Figure 1. Diagrams of different basis function network models. (A) Diagram of a conventional basis function network model, in which learning is accomplished by incrementally updating the individual unit weights. (B) Diagram of the LWPR model, which possesses the same structure as a basis function network model, but in which both the weights and widths of the individual units are incrementally adapted.

Learning in this model occurs via incremental adaptation of the individual node weights, usually via some gradient descent such as the delta rule (Equation 2).

$\begin{array}{cc}\Delta w_n=-a·g_n(x_t)(y_t-{\widehat{y}}_t)& (2)\end{array}$

The weights are updated by an amount that is proportional to some error signal between the actual output (y_t) and predicted output (${\widehat{y}}_t$), a learning rate (a), and the activation of their respective nodes, (g_n) for some input x at time t, ensuring that error is minimized but that the weights are only modified when their receptive fields are appropriately relevant. Conventional implementations of this model fully attribute learning to this optimization of the weights, either implying or explicitly requiring receptive fields that are fixed in their broad shape (Poggio and Bizzi, 2004). This fixedness provides both theoretical and computational advantages for learning; it provides a consistent structural basis with which to approach novel tasks and it is more tractable to optimize weights alone instead of both weights and receptive fields' shape.
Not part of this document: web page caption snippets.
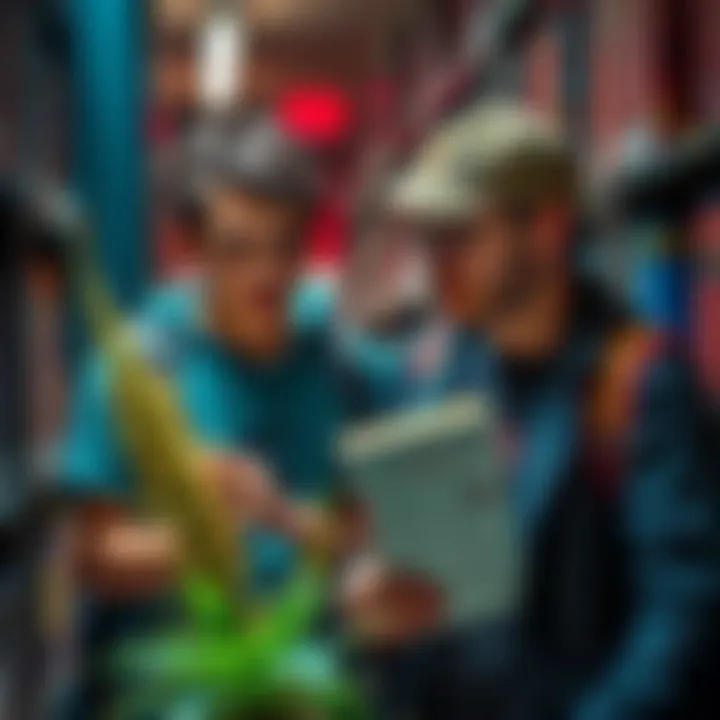 A freshman student nervously holds a textbook with a thorny plant nearby, while an upperclassman watches in surprise inside a library.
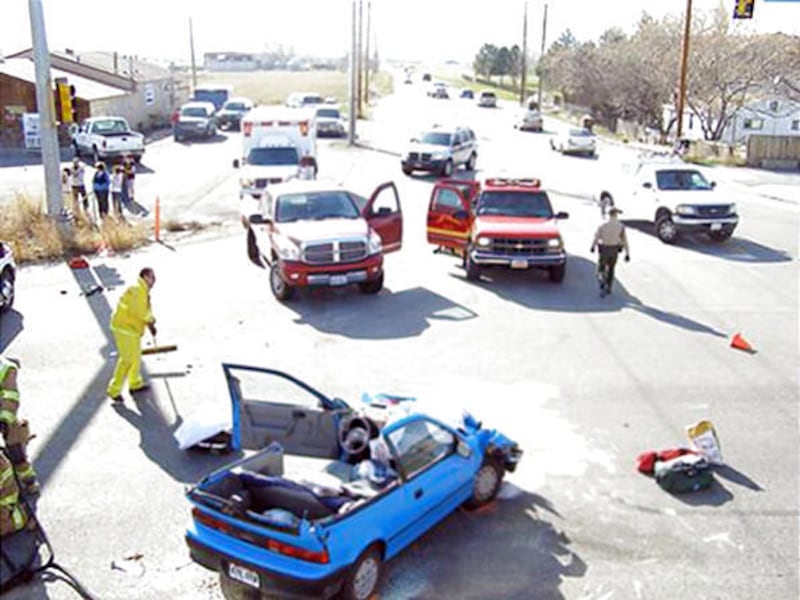 Three teenagers in a Geo Metro were flown to nearby hospitals in critical condition after the car they were driving hit a pickup truck on state Route 36 in Erda on Tuesday.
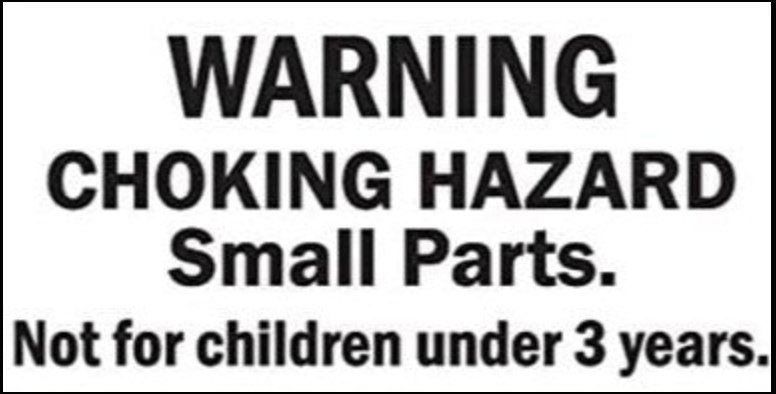 Warning label indicating choking hazard due to small parts, not for children under 3, related to Sam & Julia | DIY Furniture Kit: Kitchen.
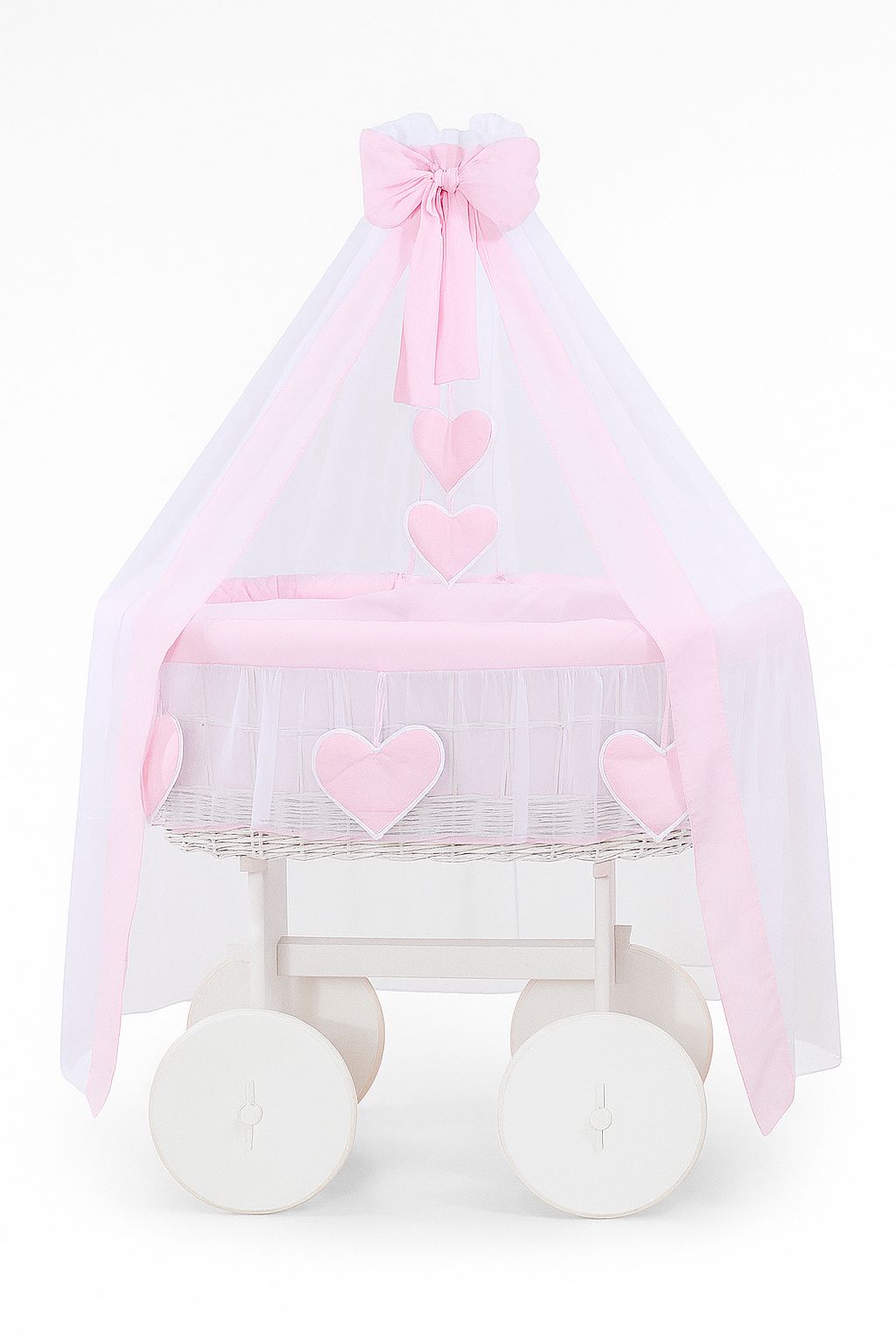 Stubenwagen Deluxe Weide mit Baldachin – Weiß Amelie Rosa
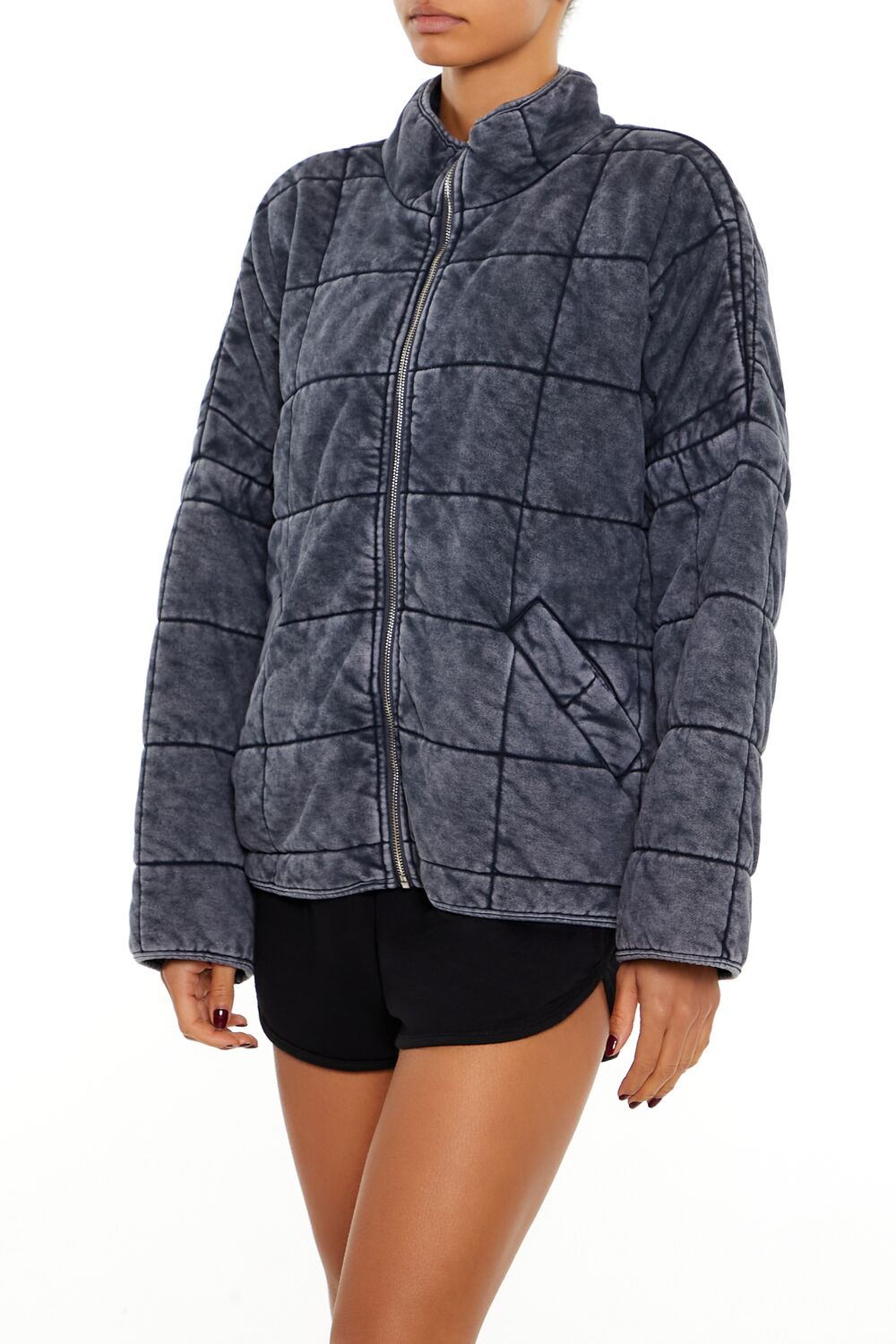  Forever 21 Quilted Zip-Up Jacket - charcoal-swatch - Bonton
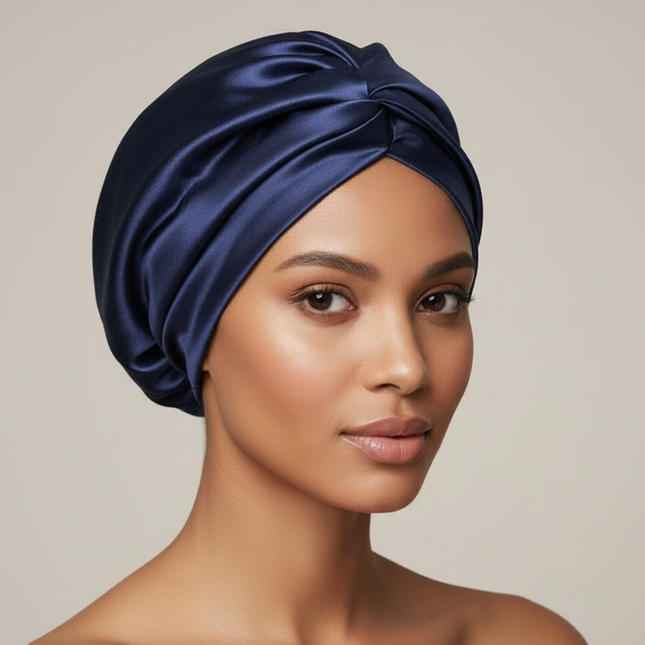 100 Mulberry Silk Turban Bonnets for Women Twisted Sleeping Night Cap 19 Momme Pure Silk Hair Wrap Cap for Curly Ladies Headwrap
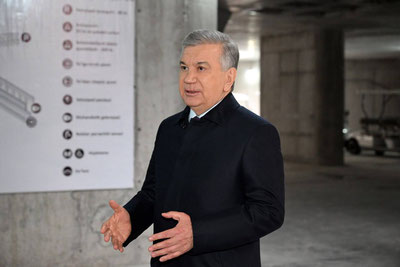 Image of 'The President reviewed the new building of the Ministry of Construction in New Tashkent.'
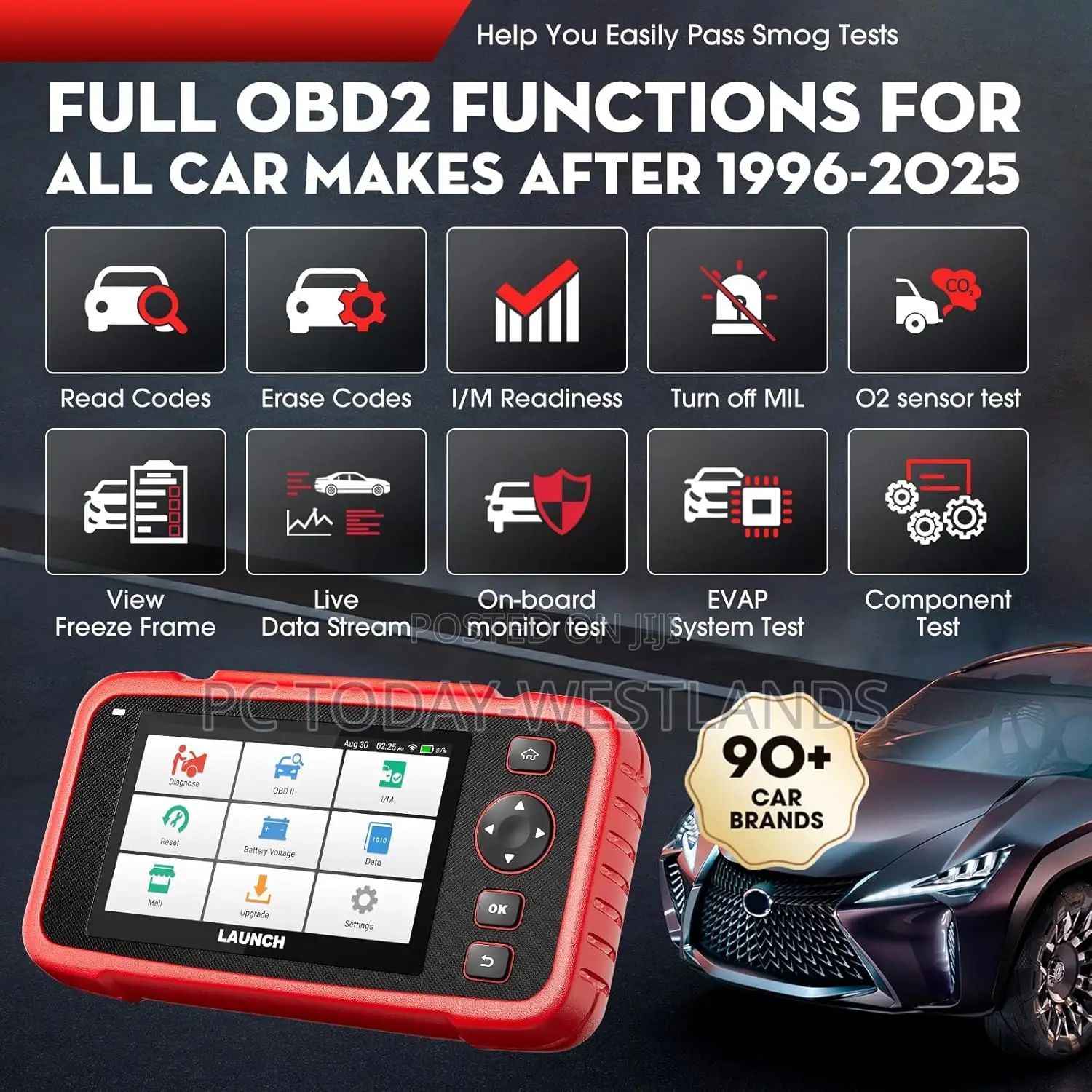 Launch Crp129x V2.0 Elite Obd2 Scanner For Car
However, this may be a critical limitation when trying to model human motor adaptation (Thoroughman and Taylor, 2005).

Motivated by recent observations that human generalization during motor learning is flexible (Thoroughman and Taylor, 2005), our study seeks to address the limitations of conventional motor theory and puts forth an alternative model for motor adaptation that can accommodate these observations. In the context of these psychophysical results, we test this alternative model using a simplified, but analogous experimental design to determine the mechanism and nature of generalization in the model. Our simulations generate new hypotheses that can be tested in humans to see if they employ a similar strategy when adapting their movements to novel environments.

Flexibility in Generalization

Our study is motivated by the results of a human motor adaptation experiment in which participants were directed to make horizontal reaching arm movements from a center starting position to targets in 16 radial directions while grasping a robotic manipulandum (Thoroughman and Taylor, 2005). While their arm was occluded from view, starting and target positions, as well as veridical cursor visual feedback, were provided via a projection onto a horizontal surface above their arm. Subject movements were made in the presence of viscous force fields, exerted on their arm by the robot. In order to perform the movement task correctly, participants had to successfully estimate the forces required to compensate for the ones they were experiencing through the robot. These force fields varied in spatial complexity, in that the forces were a function of the angle of movement multiplied by a complexity constant. For a simple force field, the forces changed slowly as a function of the movement angle; as the complexity increased, the forces varied more rapidly as a function of the movement angle, resulting in a more spatially dynamic force field across the workspace.

After subjects adapted to these different force fields, Thoroughman and Taylor (2005) fit the movement data to a state space model that included a function that represented the amount of generalization that was occurring across directions, i.e., how much a movement in one direction affected the updates to movement in all other directions. They observed that the amount of generalization was inversely related to the level of spatial complexity of the experienced force field. For a simple rotational field, with low spatial complexity, generalization was high and broad, extending across many directions. As field complexity increased, generalization levels became lower and less broad, with movement adaptation affecting a smaller range of directions.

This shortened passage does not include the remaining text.